Ron really did laugh out loud this time, although he certainly didn't sound amused. "Do you really think, Hermione Granger, that I'm going to let him go on his own? I might not be much use for anything, but he's one of my best friends – he's the first real friend I ever had, who didn't HAVE to be nice to me because I was his brother. What do you take me for?"
This bought her up short. Through the scowl on his face and the stubborn jut of his jaw, she saw the shadow of the little boy who had willingly climbed atop a giant chess piece and knowingly placed himself directly in harm's way, just so his two best friends could continue to do what needed to be done.
She also knew what needed to be done.
"I'm coming too," she stated, folding her arms tightly across her chest and preparing for the inevitable argument that was sure to follow.
"Thought you might," he grinned at her.
"What?" Her eyes widened in surprise, "no arguments? No 'it's too dangerous'?"
"Hell no," he snorted. "You're smarter than the two of us put together – we're going to need you and, to be honest," he reached out and touched her cheek briefly, "I think it's going to be dangerous for you no matter where you are."
She was torn between confusion at his words and surprise at his uncharacteristically affectionate gesture. "What do you mean?"

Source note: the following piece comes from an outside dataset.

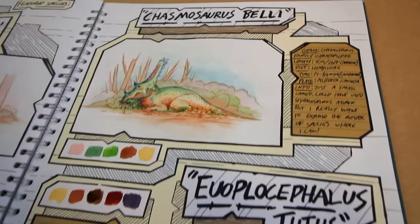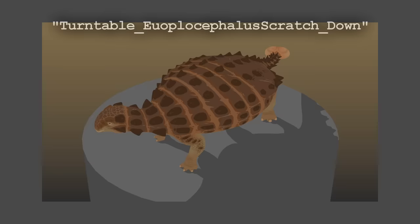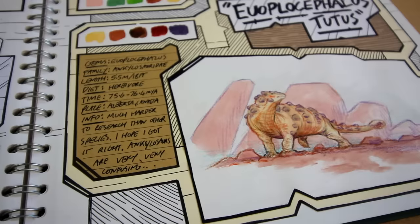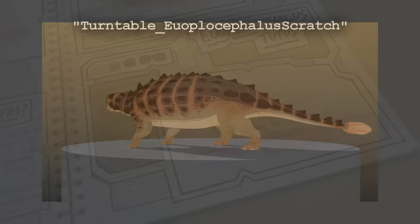Euoplocephalus is an Ankylosaur and was easily the most frustrating animal to research for this film, as the genus was split up and jumbled about a couple of years ago. This design is what I came up with based on the new separated specimens, and I think my depiction is accurate enough, but I could easily be wrong. In the film, my Euoplocephalus is seen digging a hole to rest in and protect itself, which is behaviour that's been speculated in Ankylosaurus for a very long time. Serendipitously, while working on this film there was a discovery of an Ankylosaur in Mongolia that seems to have confirmed this with the way its front feet were shaped.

"You and me, Hermione, we're the Chosen One's best mates and everyone knows it. My family might be the biggest bunch of blood-traitors around, but I'm still a pure-blood – but Hermione," his voice softened considerably, "you're muggle-born, and smarter than any pure-blood in this school." He half-smiled, but it didn't reach his eyes, "I don't think you're going to get stupider as you get older and it's a big slap in the their face. It's going to count against you."
"Are you saying," her lips twitched upward, "that if I was thick they'd like me better?"
Ron sniggered at that. "No ... but they'd hate you less."
"Point taken," she said, and then she sighed, "you know that if – when – he decides to go, we're going to have a fight on our hands to make him accept that we're going with him."
"Probably," he shrugged, "but he's not stupid, he knows he needs us." He stood up, then, holding out his hand to help her up. "I'm hungry; it must be close to dinner."
"Typical," she laughed, "always thinking of your stomach!" but she accepted his hand up and was faintly disappointed when he let go on their way back to the castle.
They walked slowly; chatting happily, ate their dinner and then retired to the common room for an hour or so of conversation with Harry and Ginny. It wasn't until much later, when she was preparing for bed, that she realised she had again forgotten to ask him about the scars on his arms.